Scandaleux n'est-ce pas? Je suis assez d'accord avec vous. C'est tellement absurde que le mot absurde a l'air ridicule tellement il n'exprime pas l'ampleur de la situation dans ce contexte!

Nous avons souvent l'impression, ici au Québec/Canada, que nous sommes loin de ce genre d'idées ridicules à propos de la sexualité (quoi qu'au Canada, on vient de vivre une situation similaire avec le ministre de la culture qui a interdit que les ados aient accès à « Sexe, l'expo qui dit tout », une expo très bien construite et adaptée POUR les ados... ».

Mais saviez-vous qu'au Québec aussi, on préfère parfois que le mot « vagin » ne soit pas utilisé, car il est trop vulgaire? Oui, oui! Je vous jure! J'ai même un fantastique exemple à vous fournir à ce sujet.

Il y a quelques années, dans le cadre d'un cours à la maîtrise, on nous avait demandé de réfléchir à la sexualité à travers un art.
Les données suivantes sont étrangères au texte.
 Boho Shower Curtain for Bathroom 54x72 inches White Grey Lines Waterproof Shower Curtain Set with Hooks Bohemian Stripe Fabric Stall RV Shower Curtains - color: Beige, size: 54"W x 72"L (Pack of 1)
J'avais décidé de choisir « l'humour » et la question de base de mon travail était « Est-il possible de faire de l'éducation à la sexualité par l'humour? ». Je me demandais si le stand-up comique ou la comédie pouvait être un outil d'éducation à la sexualité. Afin de m'aider à brainstormer sur la question, je suis entrée en contact avec Louis Morissette, l'auteur de « C.A. », alors que la série en était à sa première année à la télé. Louis Morissette a été très généreux et nous avons discuté longuement de cette question. Nous avons aussi débordé de la question en discutant de nos observations sur la sexualité dans la société québécoise.

Je ne sais pas si vous vous souvenez de C.A., cette série-télé qui a abordé toutes sortes de thèmes en lien avec la sexualité? Tout un jargon avait été développé pour aborder la sexualité; on parlait d'une « collation » au lieu de « fellation », d'un « chantier » au lieu d'un « vagin », etc. À l'époque, j'avais été dérangée par ce jargon. Je trouvais assez ridicule qu'on ne puisse parler de sexualité sans être capable de nommer « pénis, vagin, masturbation »! J'ai donc profité d'avoir Louis Morissette en face de moi pour lui demander ce qui avait motivé son choix. J'ai été absolument renversée par sa réponse : « Lorsque j'ai présenté mes textes à Radio-Canada, j'utilisais les vrais termes, mais on m'a dit que c'était trop vulgaire, qu'on ne pouvait pas dire « vagin » avec les taxes des QuébécoisEs. J'ai donc modifié les textes et créer ce jargon ».

!!!

C'est renversant non? À la direction de la télé de Radio-Canada, on a jugé qu'il était moins vulgaire de parler d'un vagin en disant « chantier » qu'en disant « vagin »!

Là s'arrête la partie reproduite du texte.